I’ve said many times before, it’s not just a computer thing. Effective social uses are a lot about the right people executing things and often times they are not your “web people” or just someone who “knows computers”. In fact, most don’t know the intricacies of building websites and whatnot. They may have a basic knowlege and no more. And that’s ok because there are other very important skills that are needed and one can partner with the web people for design elements. These are also skills that, in my opinion, will be the basics for those wanting to get into the field later on as a full-time profession.
- Web Analytics – Data sets can be varied from platform to platform (i.e. Google Analytics versus Facebook Insights), but the important thing is knowing how to look at, interpret, and use the data effectively. Statistics put together “tell a story”, and it is key to be able to find that “story” and make appropriate decisions.
- Customer-focused – A “customer” is anyone you serve and provide a significant reason for you to be doing what you are doing. Our parishioners are “customers” in a lot of ways. People in other departments that rely on work from your department are “customers” too. Executing online social initiatives should always be with the “customer” (and future customer) in mind. There is this tendency to simply want to use social to attract. The problem is that when you just attract without providing real benefit to the masses that show up things will fall flat. In fact, service-focused environments inherently attract. Social allows us to better serve others by keeping them informed and providing another effective way to communicate with them. It’s important to know how to do that effectively and craft strategies with the customer in mind. So when that person mentions your organization with a question on Twitter or sends a message through Facebook, it’s as equally important as the phone call.
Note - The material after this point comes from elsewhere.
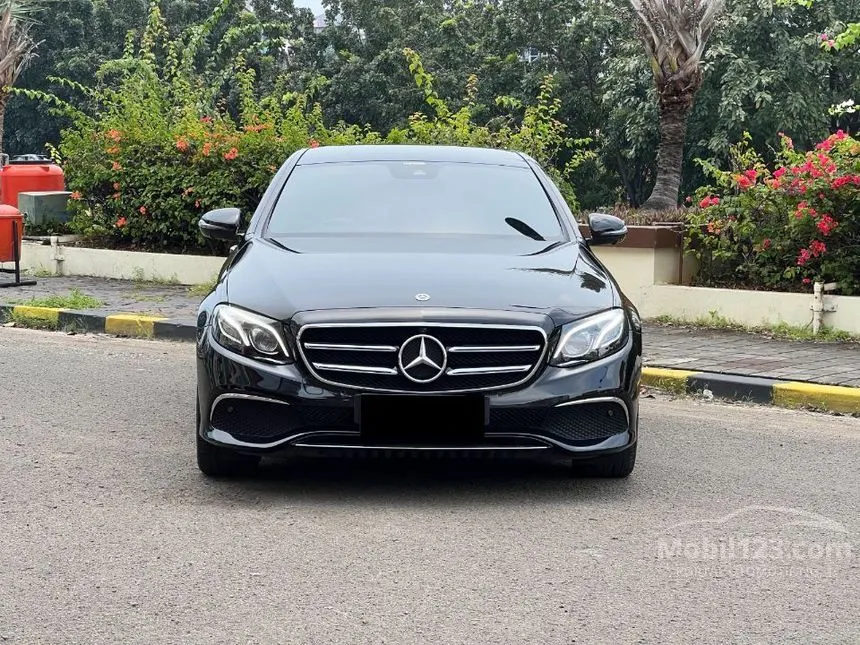 2019 Mercedes-Benz E300 Avantgarde SportStyle Sedan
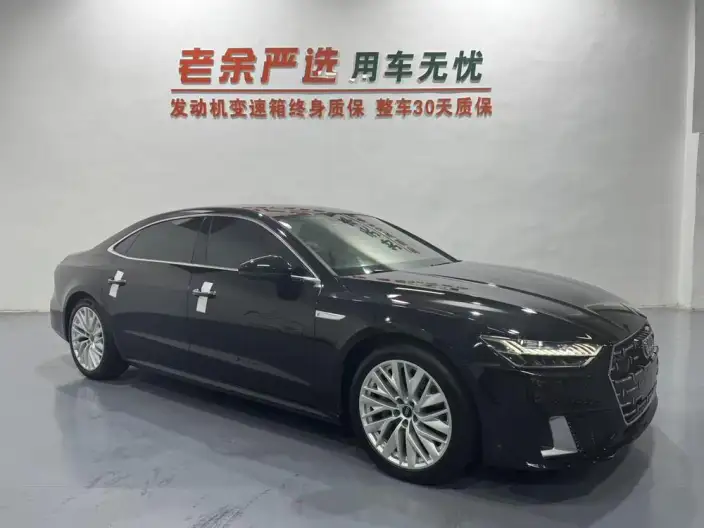 Audi A7 L 2024 Model 45 TFSI Luxury Model – фото 3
- Writing skills – Write, write, write, and then write more. Write of often as possible. I’m a firm believer that writing and reading are the two best activities for one’s mind and soul. When done often, they “expand” the mind and increase creativity and knowledge. Likewise, as one improves in their writing skills they become better communicators. Blogging is a perfect exercise for this because you not only are writing, others are giving you feedback with their comments or reactions with shares.
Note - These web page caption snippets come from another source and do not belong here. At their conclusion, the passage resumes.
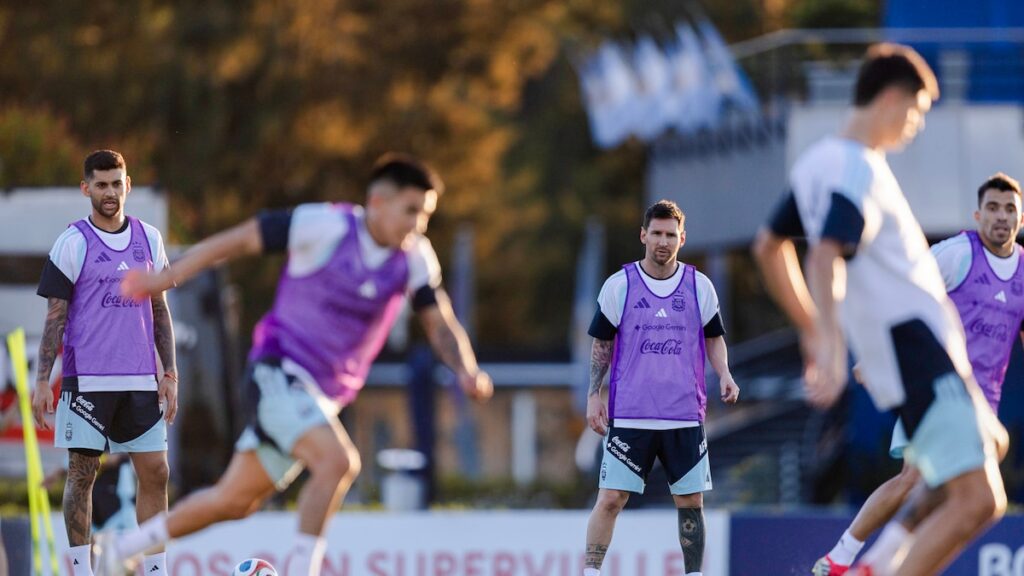 Lionel Scaloni observando a Messi y jóvenes como Mastantuono en entrenamiento táctico con pecheras violetas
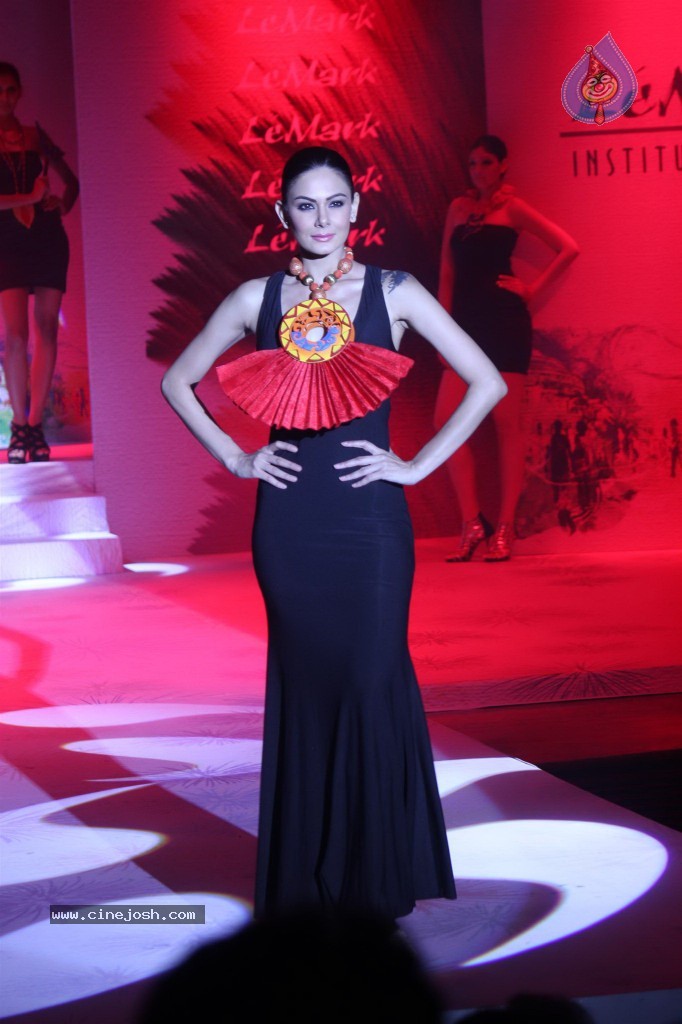 Marque 13 Fashion Show - 21 / 67 photos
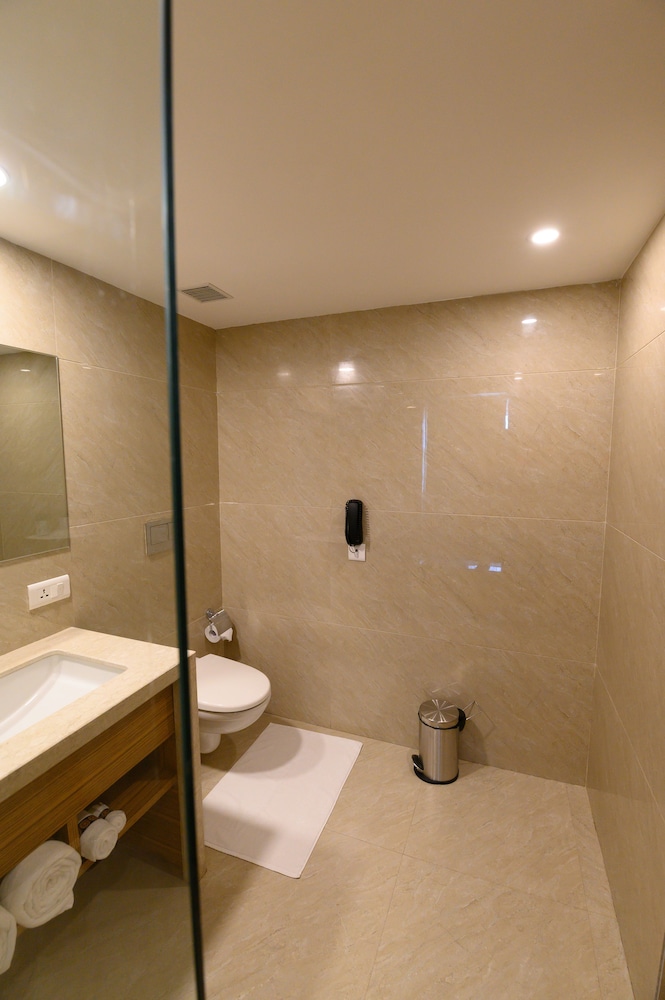 Premium Room, 1 Bedroom, Accessible, City View photo 2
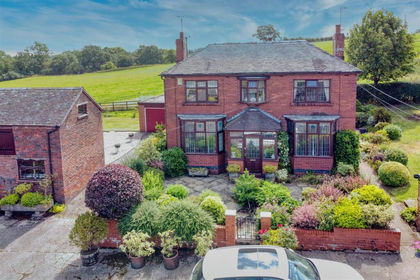 10.9 acres of Farmhouse for sale in Draycott in the Moors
- Basic Photo/Image/Video Editing – Somewhere along the line you will need to create your own graphics without waiting on someone else. You might want to create short video to relay a message. Having a basic understanding how to work with these items is important. For Images and photos I recommend learning the basics of Photoshop or Photoshop Elements. Both are powerful and widely used. Photoshop Elements is a “watered down” version of Photoshop that is pretty powerful itself and a fraction of the cost. Knowing how to navigate and the understand the basics of working with graphics and images through this platform will make things easy to go form one platform to another. For video, iMovie or Adobe Premiere or Premiere Elements are great platforms. In addition, it can be a huge benefit to knowing how to take decent photos and video. But don’t be fooled, photography and videography are NOT the same. Photography is challenging for anyone who has tried capturing those great pictures. Videography is equally as challenging because you are adding in the sound element and bringing motion and sound together for a good presentation.
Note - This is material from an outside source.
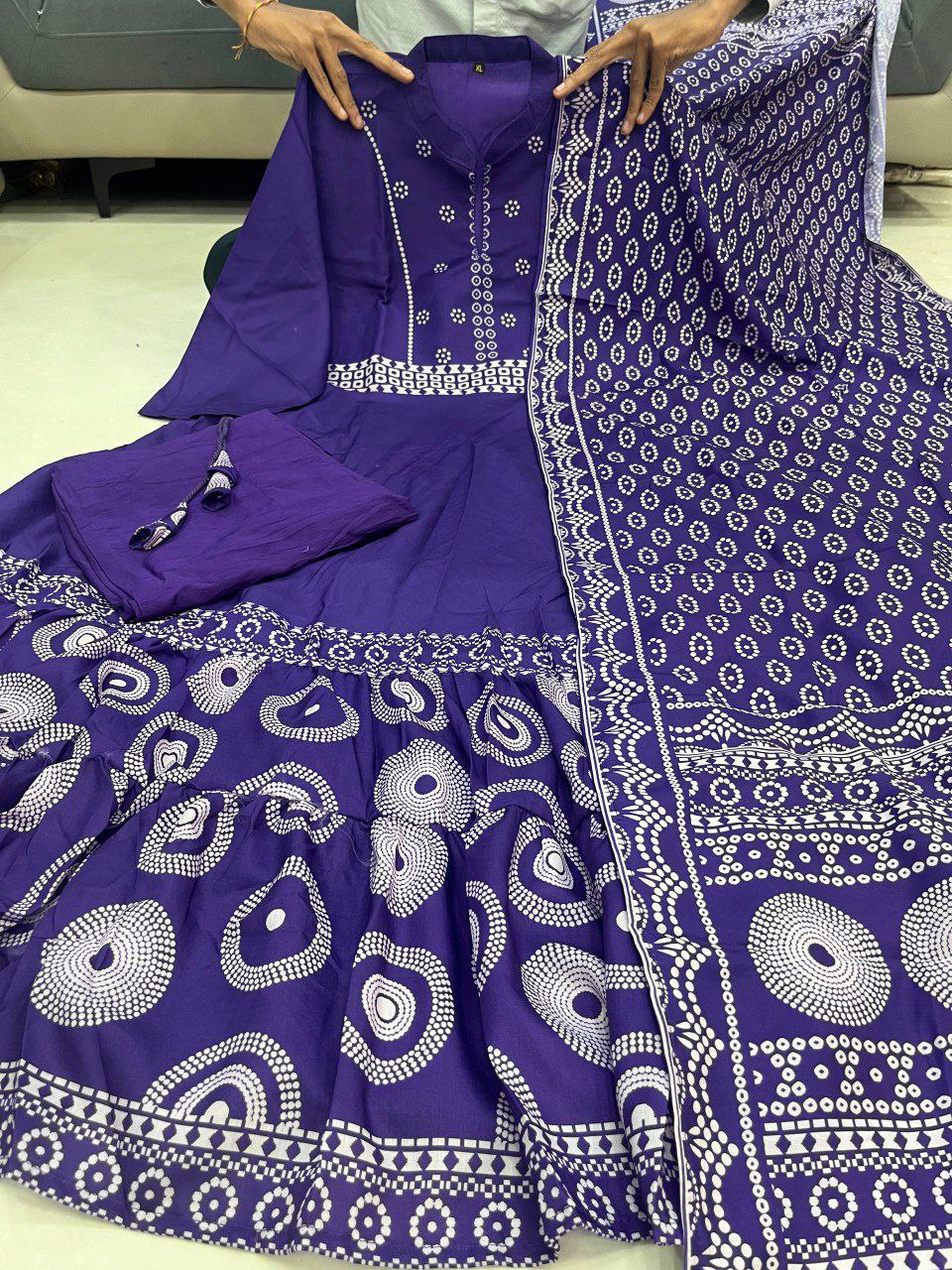 Royal Muse – Pure Muslin Silk Suit Set with Dupatta & Moti Mala (4-Piece Set) ❤🥰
- Basic web design – Having a basic working knowledge of how websites work and some HTML code will go a long way even on the social platforms. Likewise, you will find yourself working with others and need to be able to communicate effectively with them to get the best end-result you want. Again, using a blogging platform such as WordPress will give you hands-on access to many of these basic elements.
There are other skills too, but these are the basics I find most useful. The great thing is that good social networking relies on the media. Media is varied from text, to photos, to images, to video, etc. And you will get exposure to all of it. The technicals of how to work with the various media and get it to show up on the web appropriately and effectively is just a part of the overall function of what online social is. Knowing how to identify, understand, adapt, and communicate with your audience is key and are skill sets in of themselves outside of the technicals of computers and the web.
What skills do you think are important?